304 S.W.3d 280, 2010 Mo. App. LEXIS 173, 2010 WL 598269
CourtMissouri Court of Appeals
DecidedFebruary 22, 2010
DocketSD 29570
StatusPublished
Cited by4 cases

This text of 304 S.W.3d 280 (State v. Richardson) is published on Counsel Stack Legal Research, covering Missouri Court of Appeals primary law. Counsel Stack provides free access to over 12 million legal documents including statutes, case law, regulations, and constitutions.

Bluebook
State v. Richardson, 304 S.W.3d 280, 2010 Mo. App. LEXIS 173, 2010 WL 598269 (Mo. Ct. App. 2010).

Opinion

ROBERT S. BARNEY, Judge.

Randal Lamar Richardson (“Appellant”) appeals his convictions by the trial court for two counts of the class C felony of second degree domestic assault, violations of section 565.073; 1 one count of the class B felony of burglary in the first degree, a violation of section 569.160; one count of the class B felony of kidnapping, a violation of section 565.110, RSMo Cum.Supp. 2004; and one count of the class C felony of first degree tampering, a violation of *282 section 569.080.1(2), RSMo Cum.Supp. 2005. Following a jury trial, Appellant was sentenced by the trial court to varying concurrent terms of imprisonment in the Missouri Department of Corrections totaling ten years. In his sole point relied on, Appellant asserts the trial court erred in denying his request “to have counsel reappointed a few days before his scheduled jury trial after he had previously waived his right to appointed counsel.”

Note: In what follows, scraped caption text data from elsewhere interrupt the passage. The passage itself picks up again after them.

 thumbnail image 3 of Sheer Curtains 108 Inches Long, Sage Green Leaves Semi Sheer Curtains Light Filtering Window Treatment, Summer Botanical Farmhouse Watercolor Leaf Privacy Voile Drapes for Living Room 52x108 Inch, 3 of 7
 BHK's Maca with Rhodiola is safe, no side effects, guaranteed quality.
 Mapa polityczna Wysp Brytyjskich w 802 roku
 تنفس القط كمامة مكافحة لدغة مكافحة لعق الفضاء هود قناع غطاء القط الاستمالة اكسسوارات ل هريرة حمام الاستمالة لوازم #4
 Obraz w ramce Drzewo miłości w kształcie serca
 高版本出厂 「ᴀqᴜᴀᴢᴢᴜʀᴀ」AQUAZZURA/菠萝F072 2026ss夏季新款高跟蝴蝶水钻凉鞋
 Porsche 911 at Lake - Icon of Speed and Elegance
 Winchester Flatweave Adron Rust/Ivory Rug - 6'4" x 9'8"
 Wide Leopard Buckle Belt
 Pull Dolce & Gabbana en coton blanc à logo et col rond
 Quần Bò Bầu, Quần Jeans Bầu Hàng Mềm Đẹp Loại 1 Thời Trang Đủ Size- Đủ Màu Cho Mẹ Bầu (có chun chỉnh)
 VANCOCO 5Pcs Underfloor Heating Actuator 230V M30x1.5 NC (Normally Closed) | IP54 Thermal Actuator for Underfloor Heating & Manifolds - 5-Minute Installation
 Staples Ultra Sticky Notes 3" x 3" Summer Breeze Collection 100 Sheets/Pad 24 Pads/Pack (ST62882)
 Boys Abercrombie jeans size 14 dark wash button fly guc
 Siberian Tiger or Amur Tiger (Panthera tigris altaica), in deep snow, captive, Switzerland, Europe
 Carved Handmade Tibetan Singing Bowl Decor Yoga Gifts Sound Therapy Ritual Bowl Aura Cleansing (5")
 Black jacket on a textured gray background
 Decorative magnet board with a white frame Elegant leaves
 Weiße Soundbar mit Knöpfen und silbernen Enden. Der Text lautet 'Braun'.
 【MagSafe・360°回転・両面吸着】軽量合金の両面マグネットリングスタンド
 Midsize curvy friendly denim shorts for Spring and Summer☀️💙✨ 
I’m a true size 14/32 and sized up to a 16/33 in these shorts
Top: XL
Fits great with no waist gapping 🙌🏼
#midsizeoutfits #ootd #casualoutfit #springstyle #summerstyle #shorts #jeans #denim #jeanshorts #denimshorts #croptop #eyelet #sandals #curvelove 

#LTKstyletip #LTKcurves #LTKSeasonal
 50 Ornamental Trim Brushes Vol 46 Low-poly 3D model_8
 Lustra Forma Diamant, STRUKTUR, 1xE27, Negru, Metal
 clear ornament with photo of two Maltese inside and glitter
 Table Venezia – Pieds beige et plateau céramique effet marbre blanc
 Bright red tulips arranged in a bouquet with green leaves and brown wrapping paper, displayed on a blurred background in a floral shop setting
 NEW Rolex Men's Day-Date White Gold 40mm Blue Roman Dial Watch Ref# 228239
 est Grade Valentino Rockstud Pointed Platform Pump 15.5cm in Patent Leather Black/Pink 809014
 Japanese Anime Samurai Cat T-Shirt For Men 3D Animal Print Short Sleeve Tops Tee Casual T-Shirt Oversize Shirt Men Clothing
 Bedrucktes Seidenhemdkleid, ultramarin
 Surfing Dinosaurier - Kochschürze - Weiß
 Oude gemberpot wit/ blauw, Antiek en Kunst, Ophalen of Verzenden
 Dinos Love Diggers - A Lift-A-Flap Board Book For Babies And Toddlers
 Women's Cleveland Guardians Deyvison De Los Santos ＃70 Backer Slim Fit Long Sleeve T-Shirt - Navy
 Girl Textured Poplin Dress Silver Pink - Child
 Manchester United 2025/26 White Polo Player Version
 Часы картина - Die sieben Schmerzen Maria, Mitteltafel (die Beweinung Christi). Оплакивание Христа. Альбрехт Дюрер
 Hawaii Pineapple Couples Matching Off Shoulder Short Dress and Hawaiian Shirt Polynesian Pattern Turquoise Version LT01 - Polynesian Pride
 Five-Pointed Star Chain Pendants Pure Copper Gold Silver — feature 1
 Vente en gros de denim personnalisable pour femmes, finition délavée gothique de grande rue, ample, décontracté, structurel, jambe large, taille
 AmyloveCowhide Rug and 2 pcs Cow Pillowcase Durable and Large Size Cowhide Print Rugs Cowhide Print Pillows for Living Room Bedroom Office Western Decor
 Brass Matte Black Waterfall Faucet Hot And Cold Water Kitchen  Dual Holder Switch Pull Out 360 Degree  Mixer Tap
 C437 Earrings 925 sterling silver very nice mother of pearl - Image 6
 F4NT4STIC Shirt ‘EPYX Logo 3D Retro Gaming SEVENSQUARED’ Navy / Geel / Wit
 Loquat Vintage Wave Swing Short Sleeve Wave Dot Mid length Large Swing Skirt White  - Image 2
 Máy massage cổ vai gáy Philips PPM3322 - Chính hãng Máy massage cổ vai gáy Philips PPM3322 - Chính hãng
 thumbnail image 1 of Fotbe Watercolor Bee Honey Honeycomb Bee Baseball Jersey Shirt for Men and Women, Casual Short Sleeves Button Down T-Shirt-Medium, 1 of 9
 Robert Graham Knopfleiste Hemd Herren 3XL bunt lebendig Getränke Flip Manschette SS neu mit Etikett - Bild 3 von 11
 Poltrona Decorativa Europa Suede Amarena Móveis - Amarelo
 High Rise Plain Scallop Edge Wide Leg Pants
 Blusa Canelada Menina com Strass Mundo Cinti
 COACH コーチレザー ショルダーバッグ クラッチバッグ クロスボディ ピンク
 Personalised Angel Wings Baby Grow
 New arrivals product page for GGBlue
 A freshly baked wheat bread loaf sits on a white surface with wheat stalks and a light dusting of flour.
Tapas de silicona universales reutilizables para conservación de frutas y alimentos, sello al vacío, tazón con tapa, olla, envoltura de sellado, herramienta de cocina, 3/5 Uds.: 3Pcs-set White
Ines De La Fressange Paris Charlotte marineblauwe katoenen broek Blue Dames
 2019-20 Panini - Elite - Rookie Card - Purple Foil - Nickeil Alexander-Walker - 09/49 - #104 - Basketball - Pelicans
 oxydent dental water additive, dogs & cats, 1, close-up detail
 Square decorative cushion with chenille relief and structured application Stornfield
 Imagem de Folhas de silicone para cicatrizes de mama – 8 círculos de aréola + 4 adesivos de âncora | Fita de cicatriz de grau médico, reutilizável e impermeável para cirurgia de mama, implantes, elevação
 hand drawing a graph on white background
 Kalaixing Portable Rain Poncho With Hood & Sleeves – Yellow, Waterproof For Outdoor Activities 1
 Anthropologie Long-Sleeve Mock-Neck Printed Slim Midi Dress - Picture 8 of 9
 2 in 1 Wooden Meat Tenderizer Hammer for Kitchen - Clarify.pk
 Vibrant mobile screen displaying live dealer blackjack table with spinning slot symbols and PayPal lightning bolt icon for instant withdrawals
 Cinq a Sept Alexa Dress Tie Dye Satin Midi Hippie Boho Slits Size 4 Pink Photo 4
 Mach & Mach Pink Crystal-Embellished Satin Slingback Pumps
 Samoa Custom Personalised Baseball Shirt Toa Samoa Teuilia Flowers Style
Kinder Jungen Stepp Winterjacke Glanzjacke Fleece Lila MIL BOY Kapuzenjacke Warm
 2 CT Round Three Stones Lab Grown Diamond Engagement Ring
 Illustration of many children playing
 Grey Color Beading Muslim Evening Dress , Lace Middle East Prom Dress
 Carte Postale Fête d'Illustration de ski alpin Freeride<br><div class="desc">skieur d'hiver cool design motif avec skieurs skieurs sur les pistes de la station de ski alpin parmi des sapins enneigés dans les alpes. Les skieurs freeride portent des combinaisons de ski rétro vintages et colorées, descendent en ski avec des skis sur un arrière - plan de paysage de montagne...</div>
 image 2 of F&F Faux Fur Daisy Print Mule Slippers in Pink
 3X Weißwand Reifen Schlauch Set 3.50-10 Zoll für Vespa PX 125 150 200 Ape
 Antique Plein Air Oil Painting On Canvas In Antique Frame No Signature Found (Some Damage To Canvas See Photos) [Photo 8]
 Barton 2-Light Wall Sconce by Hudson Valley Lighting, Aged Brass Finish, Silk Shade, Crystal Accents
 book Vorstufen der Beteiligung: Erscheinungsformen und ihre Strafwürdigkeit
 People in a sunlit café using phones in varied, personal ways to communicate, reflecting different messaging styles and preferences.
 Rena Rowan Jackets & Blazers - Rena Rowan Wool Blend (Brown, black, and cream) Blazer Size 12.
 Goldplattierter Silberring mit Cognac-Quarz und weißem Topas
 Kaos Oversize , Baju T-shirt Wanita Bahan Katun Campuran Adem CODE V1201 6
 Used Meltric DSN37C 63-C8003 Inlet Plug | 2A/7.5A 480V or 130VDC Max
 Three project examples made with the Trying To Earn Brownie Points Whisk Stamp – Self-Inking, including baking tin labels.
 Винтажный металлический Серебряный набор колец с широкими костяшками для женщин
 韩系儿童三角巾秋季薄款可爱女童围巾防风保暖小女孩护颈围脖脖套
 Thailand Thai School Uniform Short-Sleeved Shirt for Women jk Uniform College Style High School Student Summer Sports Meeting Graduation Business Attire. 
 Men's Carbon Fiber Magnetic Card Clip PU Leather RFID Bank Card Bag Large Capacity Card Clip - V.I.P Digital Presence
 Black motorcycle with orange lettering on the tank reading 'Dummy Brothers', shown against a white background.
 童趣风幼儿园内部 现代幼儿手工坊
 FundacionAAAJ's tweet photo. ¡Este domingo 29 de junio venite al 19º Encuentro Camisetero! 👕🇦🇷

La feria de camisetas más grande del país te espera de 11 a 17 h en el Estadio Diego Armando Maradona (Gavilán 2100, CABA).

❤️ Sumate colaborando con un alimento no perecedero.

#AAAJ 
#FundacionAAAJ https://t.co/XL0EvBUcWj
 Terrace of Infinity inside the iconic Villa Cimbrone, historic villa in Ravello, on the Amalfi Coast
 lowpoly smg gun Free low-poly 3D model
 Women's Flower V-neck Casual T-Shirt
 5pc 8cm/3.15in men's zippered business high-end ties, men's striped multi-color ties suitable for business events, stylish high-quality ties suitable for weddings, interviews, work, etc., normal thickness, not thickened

Appellant does not challenge the sufficiency of the evidence to support his conviction; thus, a detailed recitation of the underlying facts in the present matter is unnecessary. 2

At his arraignment on November 17, 2006, Appellant was represented by Cristy Meadows, an attorney with the Missouri State Public Defender (“MSPD”). His case was then transferred to Attorney Michael Lutke (“Attorney Lutke”), who was also with the MSPD, and Attorney Lutke entered his appearance on January 5, 2007. Appellant had some “difficulty getting along with ...” Attorney Lutke and had several complaints about how Attorney Lutke was preparing his defense. As a result, Appellant “fired” Attorney Lutke; the trial court allowed Attorney Lutke to withdraw from Appellant’s case; and the trial court appointed the MSPD conflict office to represent Appellant. In September of 2007, Appellant was granted a continuance of a pretrial hearing.

Thereafter, Appellant was represented for several months by Attorney David Back of the MSPD’s conflict office. On December 21, 2007, Attorney Lutke, again, entered his appearance on Appellant’s behalf after the MSPD determined his problem with Attorney Lutke was not a true conflict of interest which would have necessitated appointment of conflict counsel; thus, the MSPD insisted Attorney Lutke remain as counsel for Appellant.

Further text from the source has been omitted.